Got up at 4 this morning to go to the gym, and I did that this past Monday as well. Since I started being more serious about going, and things being what they are in general, it's really become kind of a happy place for me. Which should be hilarious to
kassrachel, since she spent our formative years watching me always duck to the back of the line in Phys. Ed. until the coach would bust me and make me do whatever humiliating exercise was lined up for the day.
But anyway. I know I told myself when I started this thing after Labor Day (when I was well and truly embarrassed by how difficult it was for me to keep pace on a walking tour of downtown L.A.) that it wouldn't be about numbers, just about feeling better.
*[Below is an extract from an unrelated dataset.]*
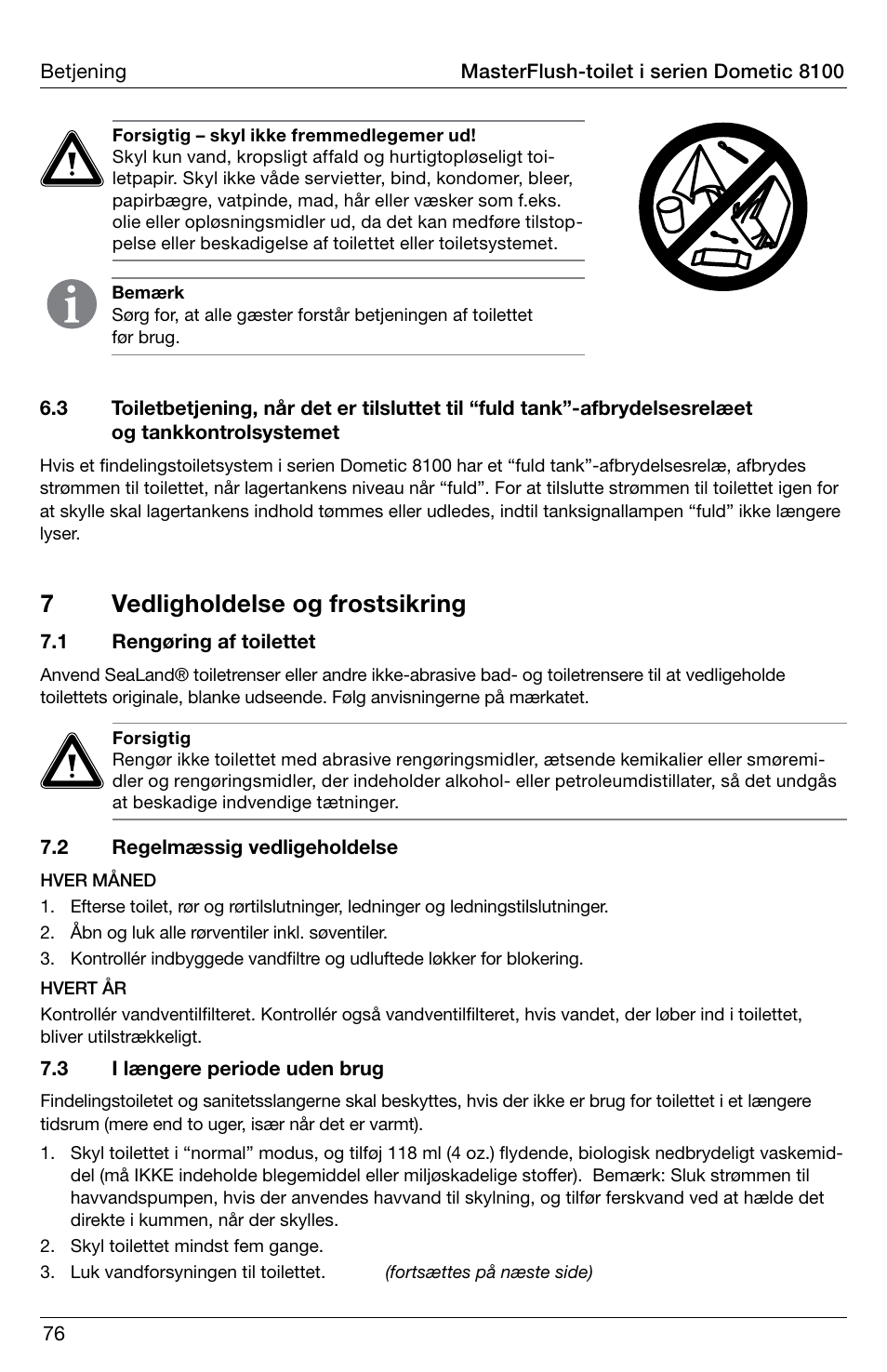 7vedligholdelse og frostsikring | SeaLand 8100 Series MasterFlush Operation Manual User Manual | Page 76 / 88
But at the same time, I am absolutely over the moon that my pounds-lost total is now at 30. Huzzah! It's a new year, and things are changing. I have to be ready.
One of the other kindergarten moms is a cycling instructor at the gym and she sometimes gives me a hearty word of encouragement which I don't feel I need, but oh well. And I recently ran into the instructor of the class I usually take on Wednesdays (a class which I will miss, but am happy to not be able to attend right now), who told me I was "an inspiration." I guess she was trying to be nice, but it seemed to me like the kind of thing you might say to someone in the Special Olympics or something.
Seriously, though, some of you gals at the gym are pissing me off. Protip #1: The handicapped bathroom stall is not your personal dressing room. There is nothing so golden about your saggy tits and your graying cooch that you can't disrobe with the rest of us mortals. Protip #2: the hair dryer is only intended to be used for the hair on your *head*, not your pubes. I'm just sayin'. Think I'll let my hair air-dry from now on.